Data shown START
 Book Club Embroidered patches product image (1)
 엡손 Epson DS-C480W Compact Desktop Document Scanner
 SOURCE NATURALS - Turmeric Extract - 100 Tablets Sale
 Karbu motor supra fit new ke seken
Data shown END
Data shown START
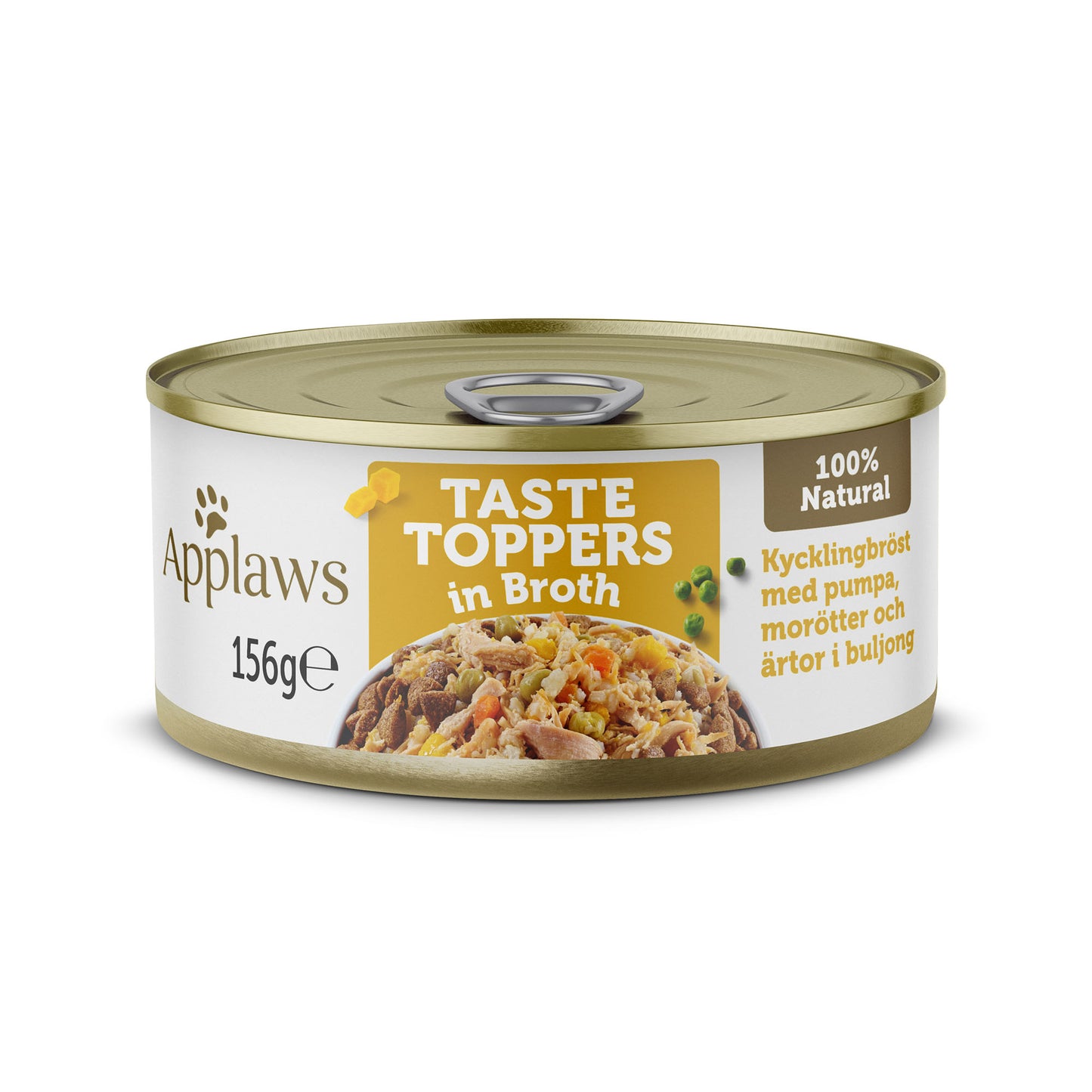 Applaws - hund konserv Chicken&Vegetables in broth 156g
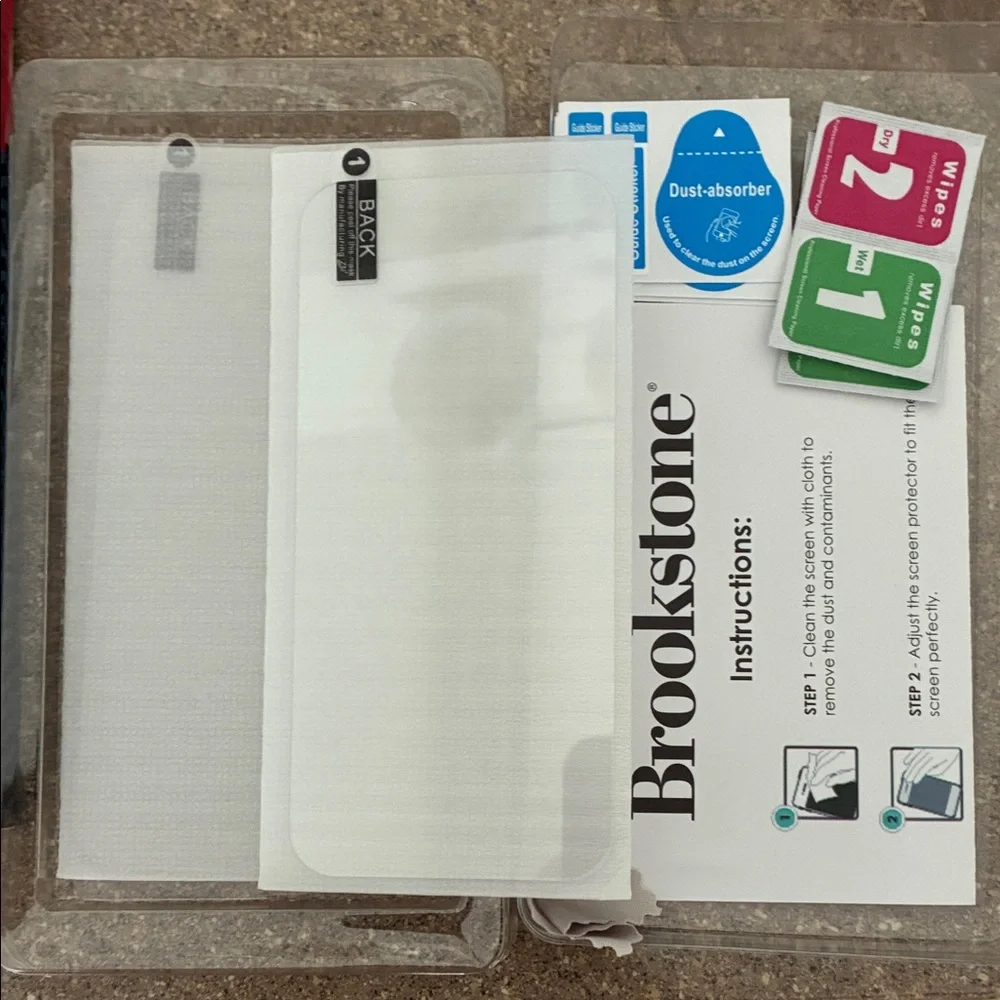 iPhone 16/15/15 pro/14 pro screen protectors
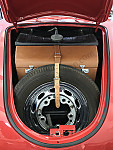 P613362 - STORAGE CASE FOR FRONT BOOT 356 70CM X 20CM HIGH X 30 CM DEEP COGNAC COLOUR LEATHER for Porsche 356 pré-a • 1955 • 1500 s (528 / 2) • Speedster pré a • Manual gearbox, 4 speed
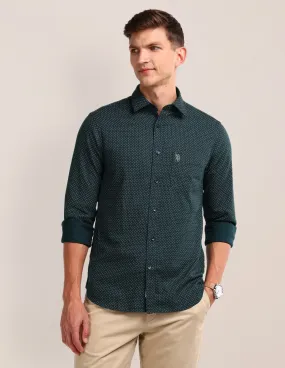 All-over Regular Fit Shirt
Data shown END
Data shown START
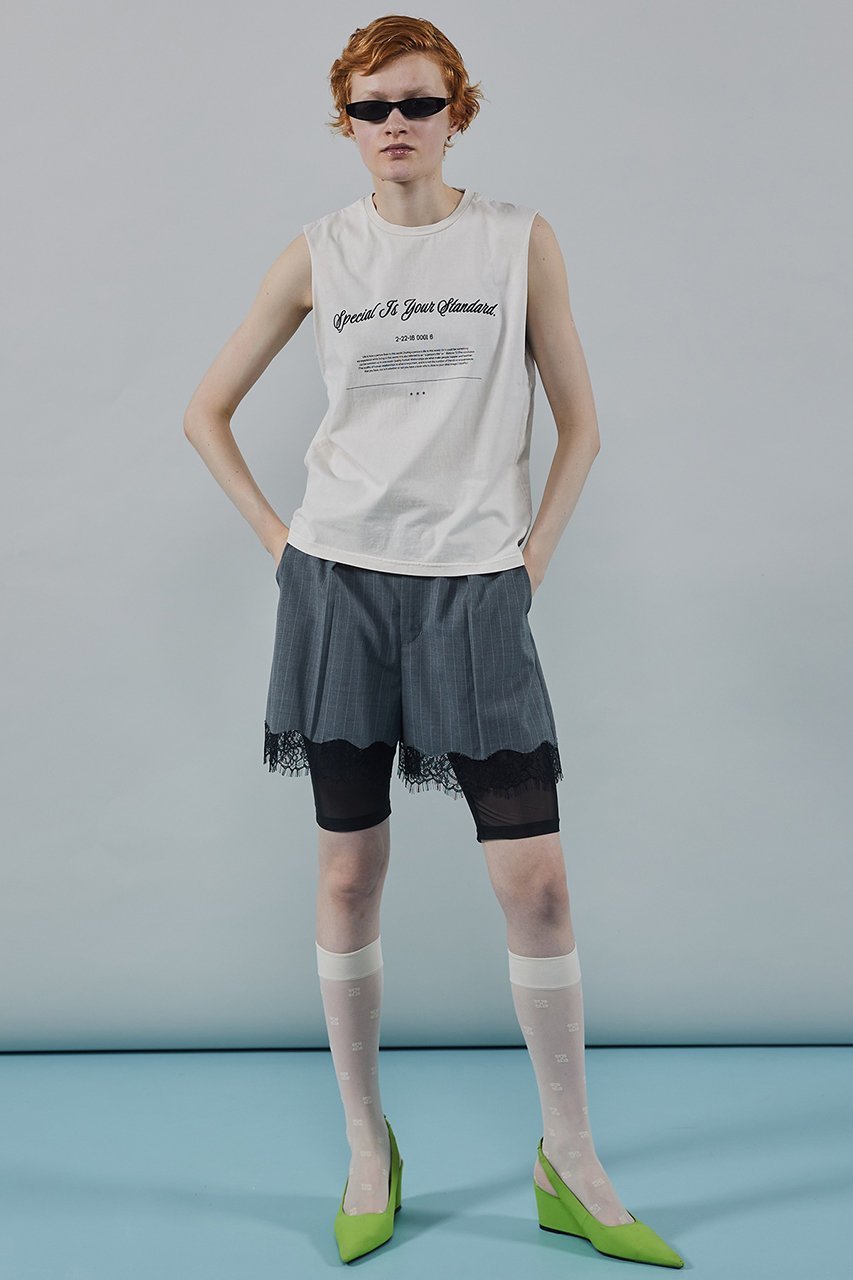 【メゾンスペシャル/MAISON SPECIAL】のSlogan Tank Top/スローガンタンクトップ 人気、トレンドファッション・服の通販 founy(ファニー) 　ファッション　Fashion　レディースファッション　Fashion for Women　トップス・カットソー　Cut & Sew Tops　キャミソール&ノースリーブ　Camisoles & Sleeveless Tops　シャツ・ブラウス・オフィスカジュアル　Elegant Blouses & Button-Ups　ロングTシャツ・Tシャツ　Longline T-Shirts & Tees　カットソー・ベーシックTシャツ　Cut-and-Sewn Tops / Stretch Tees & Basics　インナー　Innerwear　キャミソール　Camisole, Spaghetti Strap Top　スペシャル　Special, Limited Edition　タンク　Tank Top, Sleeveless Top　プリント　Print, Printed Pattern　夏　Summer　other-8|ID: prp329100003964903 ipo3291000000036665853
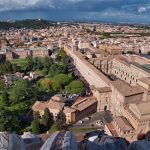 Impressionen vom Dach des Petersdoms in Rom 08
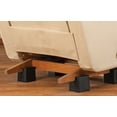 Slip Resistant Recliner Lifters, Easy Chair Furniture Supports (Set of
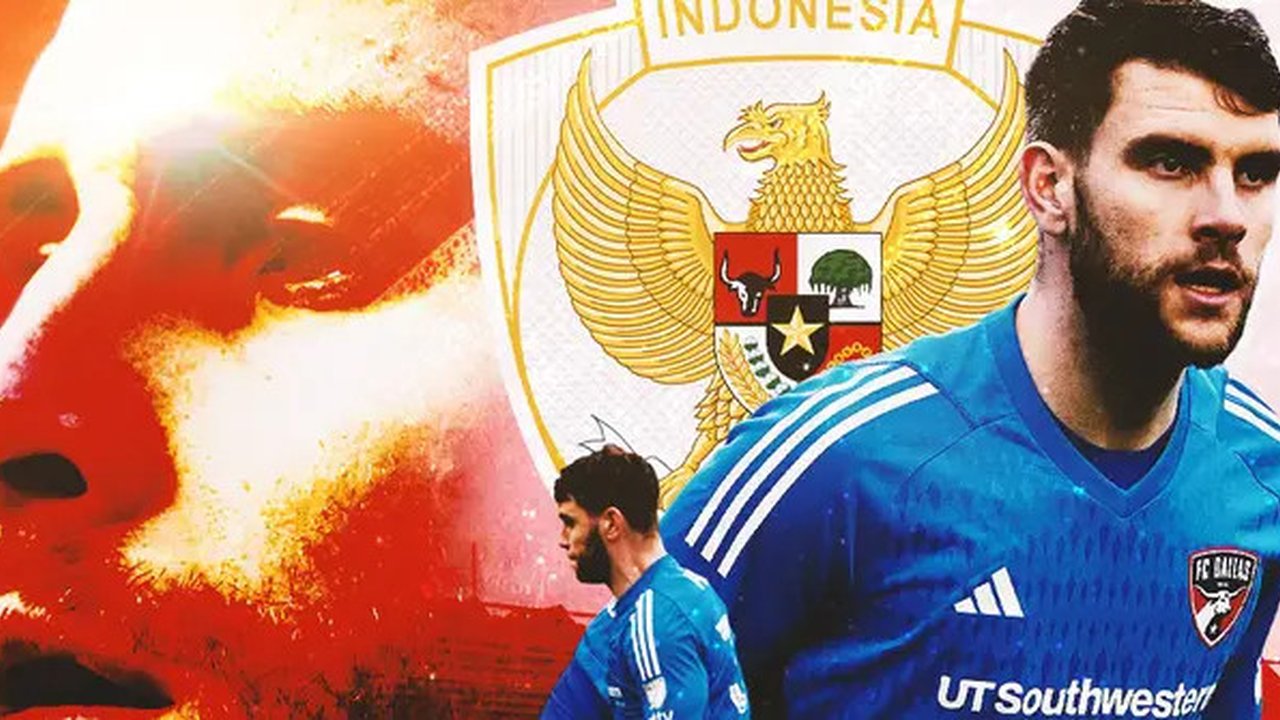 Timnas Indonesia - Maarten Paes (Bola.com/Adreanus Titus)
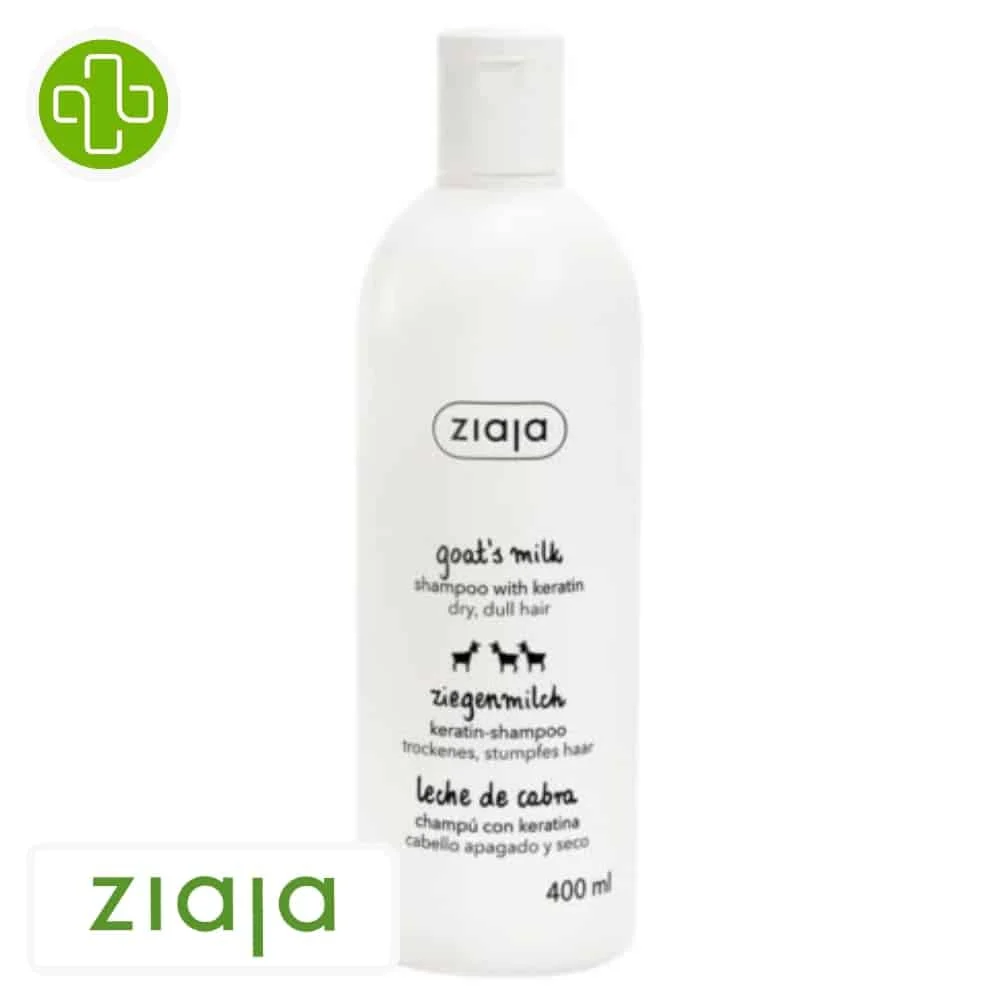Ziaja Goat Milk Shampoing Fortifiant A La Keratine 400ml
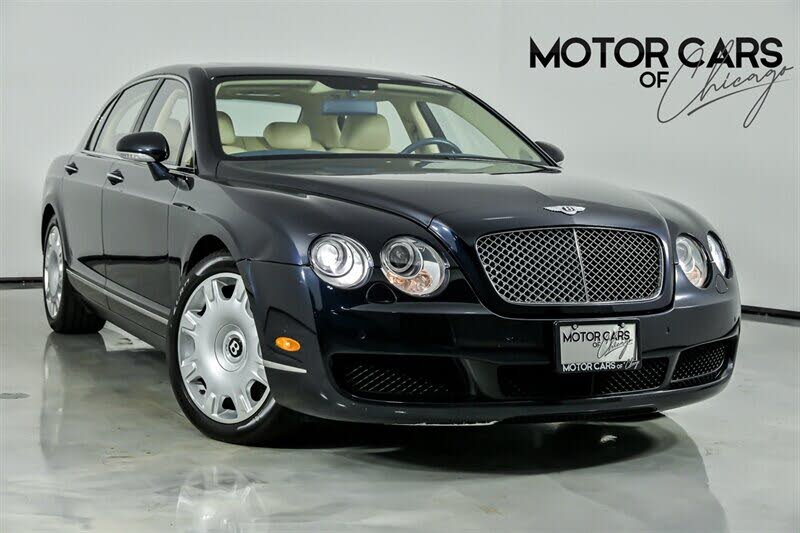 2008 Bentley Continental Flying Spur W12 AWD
Data shown END
→ **Work order**
Leave out every picture, and copy exactly the lines above starting at the one holding "Timnas Indonesia - Maarten" and ending at the one holding "2008 Bentley Continental Flying Spur W12 AWD", no more and no less.

→ **Written response**
 Timnas Indonesia - Maarten Paes (Bola.com/Adreanus Titus)
Ziaja Goat Milk Shampoing Fortifiant A La Keratine 400ml
 2008 Bentley Continental Flying Spur W12 AWD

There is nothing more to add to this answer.